Why is it important that a binary tree be balanced?

Imagine a tree that looks like this:

  A
   \
    B
     \
      C
       \
        D
         \
          E

This is a valid binary tree, but now most operations are O(n) instead of O(lg n).


The balance of a binary tree is governed by the property called skewness. If a tree is more skewed, then the time complexity to access an element of a the binary tree increases. Say a tree

                1
               / \
              2   3
              \    \
               7    4
                     \
                      5
                       \
                        6

The above is also a binary tree, but right skewed. It has 7 elements, so an ideal binary tree require O(log 7) = 3 lookups. But you need to go one more level deep = 4 lookups in worst case. So the skewness here is a constant 1. But consider if the tree has thousands of nodes. The skewness will be even more considerable in that case. So it is important to keep the binary tree balanced.

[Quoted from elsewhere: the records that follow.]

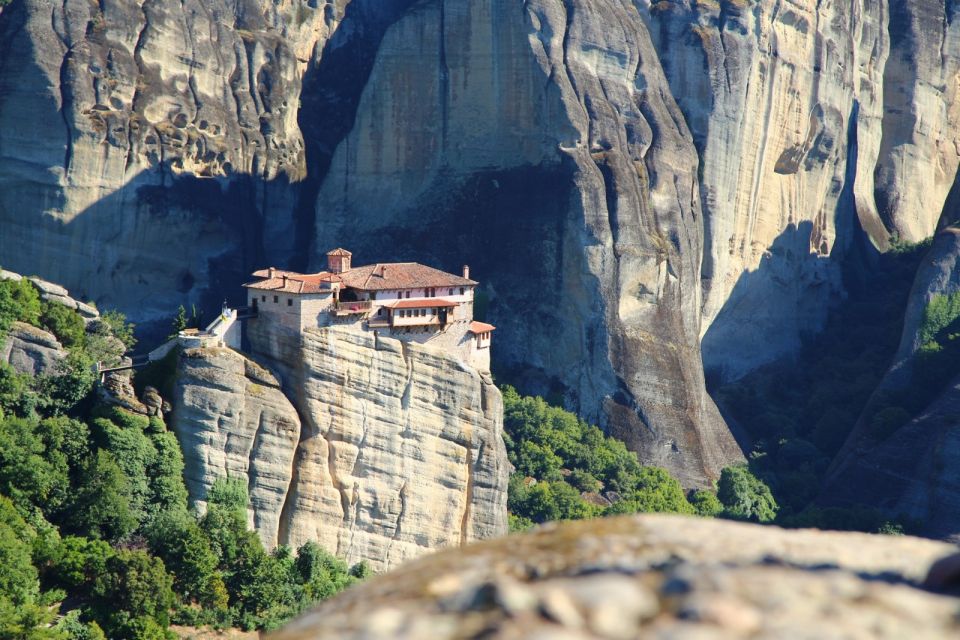 From Lefkada: Meteora and Metsovo Private Day Tour - What to Expect at Meteora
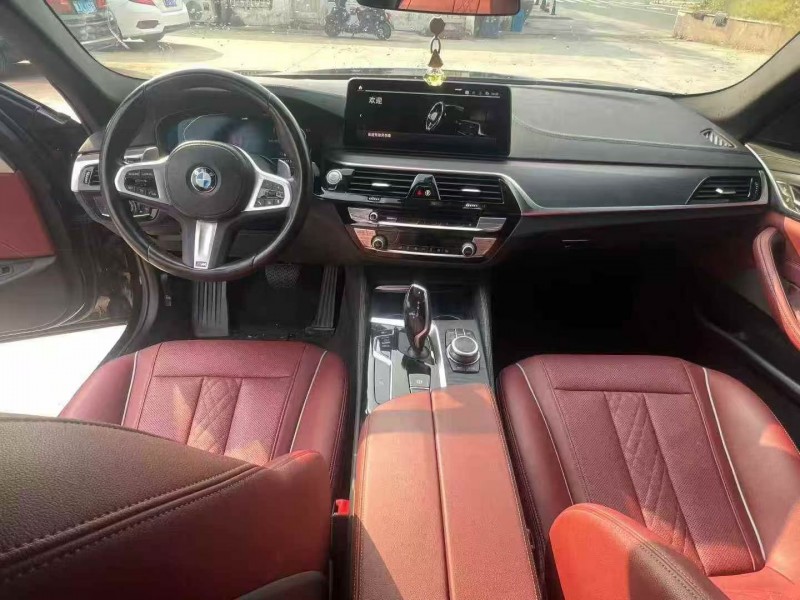 湖州22年宝马5系6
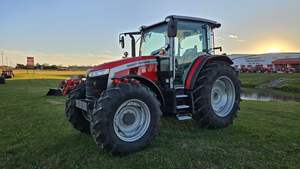 Tractor Massey Ferguson 5M.145 2025 - Product Image 5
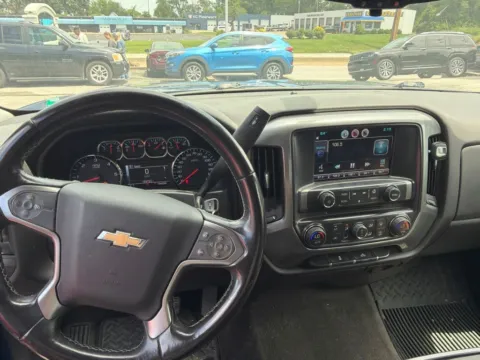 More photos of 2015 Chevrolet Silverado 1500 LT at MAG Auto - Munsterman Automotive Group, MO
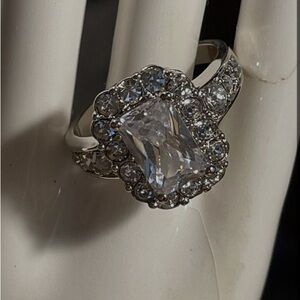 Avon Bague Contour CZ Kyra Ring Size 8 along with box.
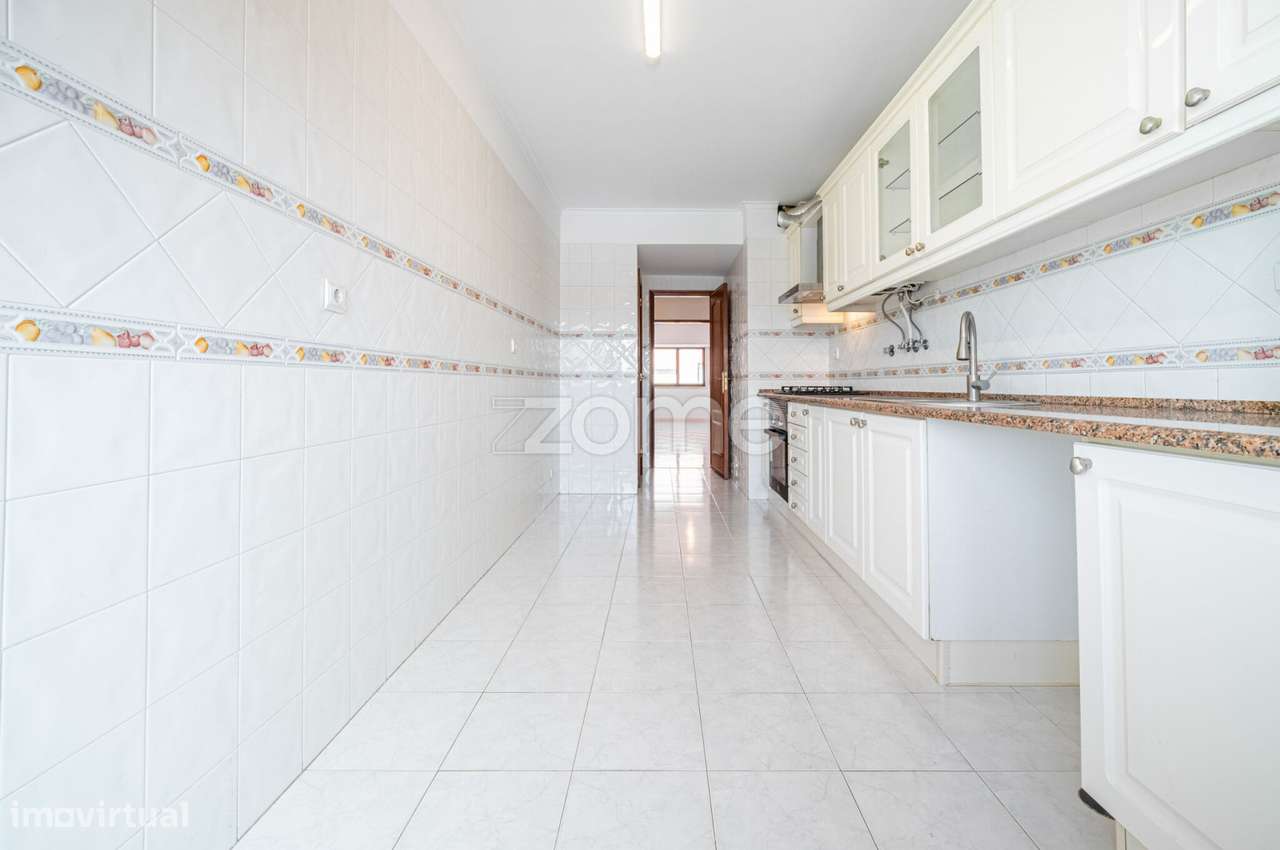 Apartamento T3 com duas Suites e Garagem no Centro de Tires - S.D.Rana-6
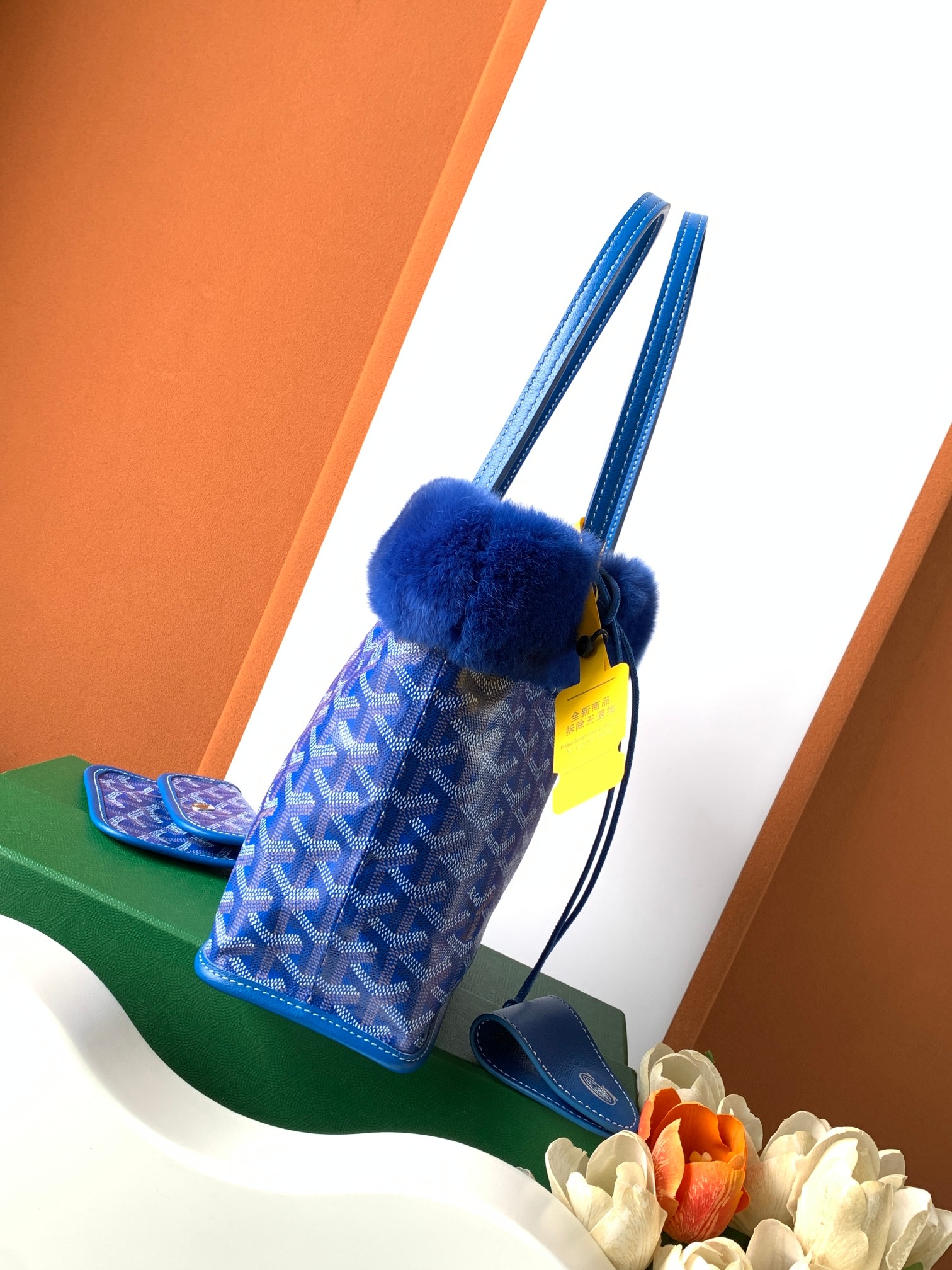 Goyard 谁能拒绝一支软fufu的Goyard兔毛mini tote也太可爱了 还能反过来用 太萌了 绝对是小公举的首选的颜色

But again the skewness is the topic of debate as the probablity analysis of a random binary tree shows that the average depth of a random binary tree with n elements is 4.3 log n . So it is really the matter of balancing vs the skewness.

One more interesting thing, computer scientists have even found an advantage in the skewness and proposed a skewed datastructure called skew heap


To ensure log(n) search time, you need to divide the total number of down level nodes by 2 at each branch. For example, if you have a linear tree, never branching from root to the leaf node, then the search time will be linear as in a linked list.